Children's coping with homesickness: Phenomenology and intervention

How children and adolescents cope with homesickness deserves careful study for several reasons. First, homesickness is experienced by millions of children who spend time away from home and family. In children separated from home, self-reported prevalence rates of homesickness hover around 75%, depending on sample and environment characteristics (e.g., Fisher, 1989; Thurber, 1995a). The emotional distress, behavior problems, and deleterious physical, cognitive, and social consequences of homesickness have been well documented in young people (Burt, 1993; Fisher et al., 1990; Fisher & Hood, 1987; Fisher et al., 1986; Fisher et al., 1985; Thurber, 1995a).

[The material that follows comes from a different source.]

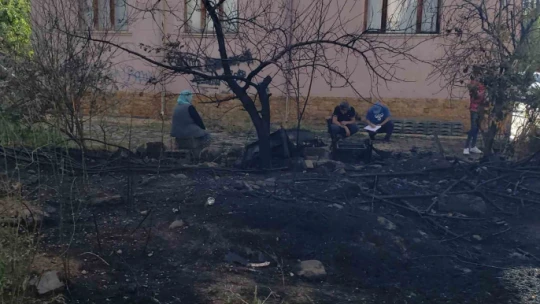 Elazığ'da korkutan yangın: Alevler evlere sıçramadan söndürüldü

Second, an understanding of how children cope with homesickness will guide interventions. Certainly, established treatments for the related constructs of depression and anxiety will influence interventions for homesickness. However, homesickness is a uniquely complex construct, in part because the stress of transition involves separation from familiar entities (home; attachment figures; native culture) and integration into a novel environment. This complexity warrants a thorough understanding of what children themselves are doing to cope with homesickness, and specifically, which of their ways of coping are effective.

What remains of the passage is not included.